Comment Re:Ewww...train your cats... (Score 1) 190

Some cats are more trainable than others. My family's last cat was not trainable for anything but when food was about to be given him, but thankfully also not able to get on counters or tables what with having acrophobia. Clicker training is the only kind that might have worked, but that's not particularly useful when you want to train an animal to not do things.

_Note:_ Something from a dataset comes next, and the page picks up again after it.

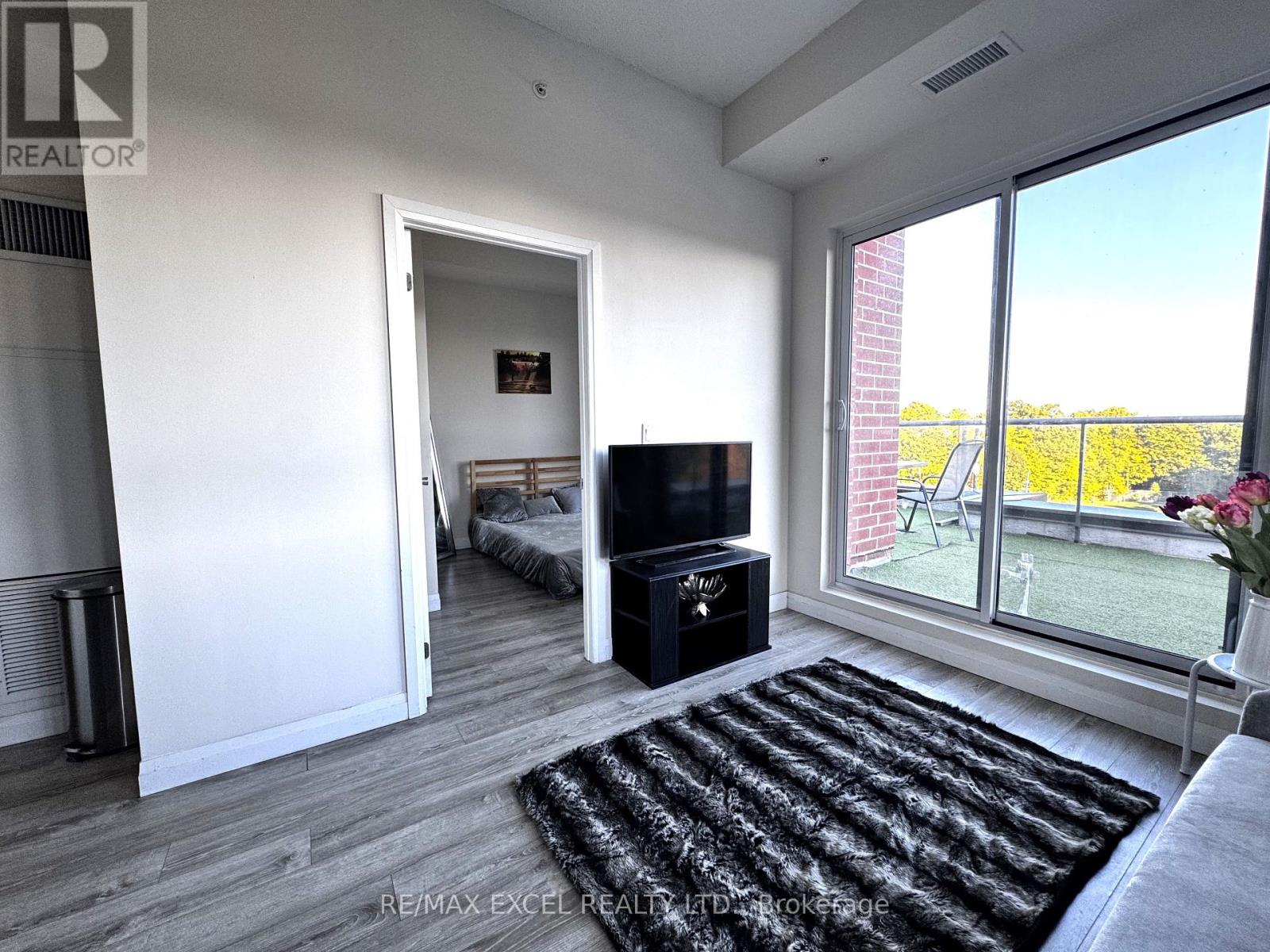 610 - 22 East Haven Drive, Toronto (Birchcliffe-Cliffside), Ontario  M1N 1M2 - Photo 4 - E12357868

Comment Re:sigh (Score 1) 190

My family had a cat that was...well... As far as anybody could tell, he actively tried to track out litter, having tried all of the tricks mentioned. He's been dead several years, and we've still not cleaned it all up. High sides and a covered box were both no-goes: He took both as personal affronts and objected the way he objected to everything--by refusing to use it. He even contrived to spray urine against the wall, which we dealt with by taping up plastic tarps. He actually let us know he was ready to be put to sleep via cat exhaust everywhere.

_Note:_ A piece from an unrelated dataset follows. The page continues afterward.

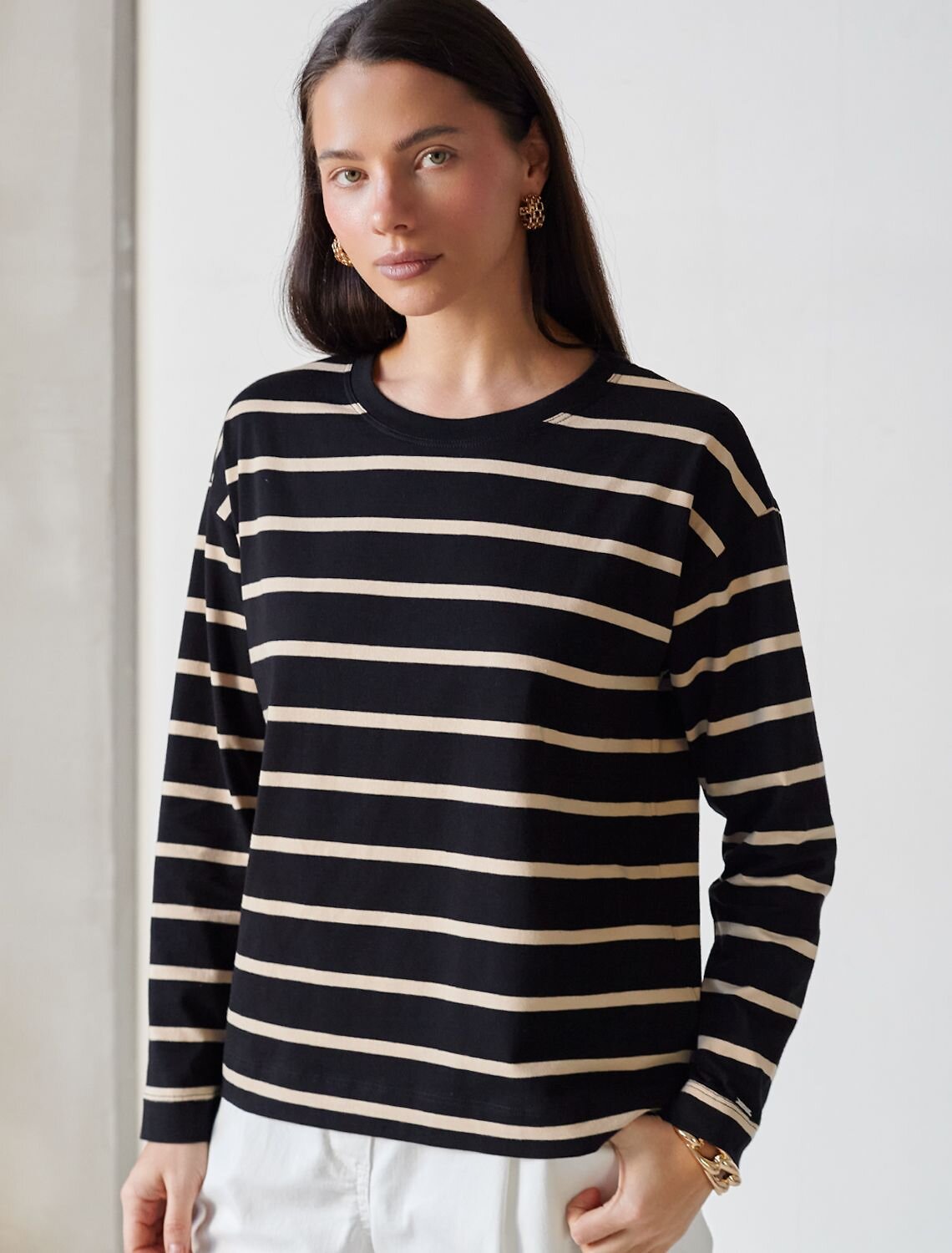 VILATTE Джемпер 580934 D49.148 черный-бежевый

Comment Re:Obvious solution... (Score 1) 190

Wow, I remember back when I was young and naive and hadn't been taught the rule of thumb that if it came out of a body and didn't come out of yours, it's a hazardous material. Wait, no, I was taught about toxoplasmosis as a small child, so I was never innocent about cat feces.

As a well-educated cat owner, I will spend money on something if it means I never have to come into direct contact with cat feces. At least with a baby, the odds are pretty good that the bacterial burden will be rather close to mine. That said, I'd still suggest washing hands before and after & using gloves if the kid or you are unlucky enough to be sick, and point out that probably the safest choice for dealing with diapers are disposable diapers that can be incinerated and the ashes used to enrich the soil. (And, really, I'd want a baby bidet: just wash the poor baby's ass clean.)

Comment Re:Can we get some mod points for parent? (Score 1) 179

Supplements are basically unregulated, so doing your own research is a must--stick the name of what is in the supplement into PubMed and check over MedlinePlus, as the first is meant to be used by researchers (jargon-heavy but the bleeding edge will be listed there) and the latter is meant to educate the general public. Make sure you go into the advanced search on PubMed and set it to only look at either keywords or the title and abstract, though; that'll keep the results close to what you want.

That said, an annoyingly significant percentage of people do believe that magic pills without side effects exist--many people may not even realize this, with it only showing through their behavior. ("Let's Mix Meds & Booze" is a classic.)

Either infrequent high doses or frequent low doses seem to be relatively safe, as far as I can tell; it's typically the best way to bet, at least. Somebody who is popping the high dose regularly, without having checked with a doctor, does need to see one--and if they're doing it for jet lag, consider one of the alternates such as timed light exposure/avoidance outlined in this article or elsewhere. (I have no idea if they can be used with other sleep disorders, though I would certainly hope somebody's at least checked!)

Comment Re:At a guess . . . (Score 4, Informative) 179

I went and poked around medical journal databases. MedlinePlus has little, though it confirms the dosage recommendations, while a bit of work via PubMed located this study which I think may be the correct citation. Its PubMed listing seems to indicate that it's not the sole possibility, though, as do its references.